* Data section *
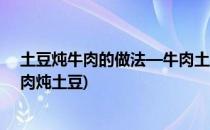 土豆炖牛肉的做法—牛肉土豆块(土豆炖牛肉的做法大全牛肉炖土豆)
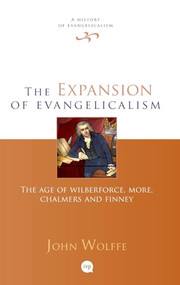 The Expansion of evangelicalism (The Age Of Wilberforce, More, Chalmers And Finney) by John Wolffe, 9781844741472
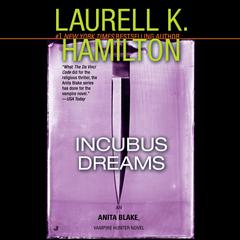 Incubus Dreams: An Anita Blake, Vampire Hunter Novel Audiobook, by Laurell K. Hamilton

* Directions *
Set down the material again exactly. Don't carry over any pictures.

* Completed exercise *
 土豆炖牛肉的做法—牛肉土豆块(土豆炖牛肉的做法大全牛肉炖土豆)
 The Expansion of evangelicalism (The Age Of Wilberforce, More, Chalmers And Finney) by John Wolffe, 9781844741472
 Incubus Dreams: An Anita Blake, Vampire Hunter Novel Audiobook, by Laurell K. Hamilton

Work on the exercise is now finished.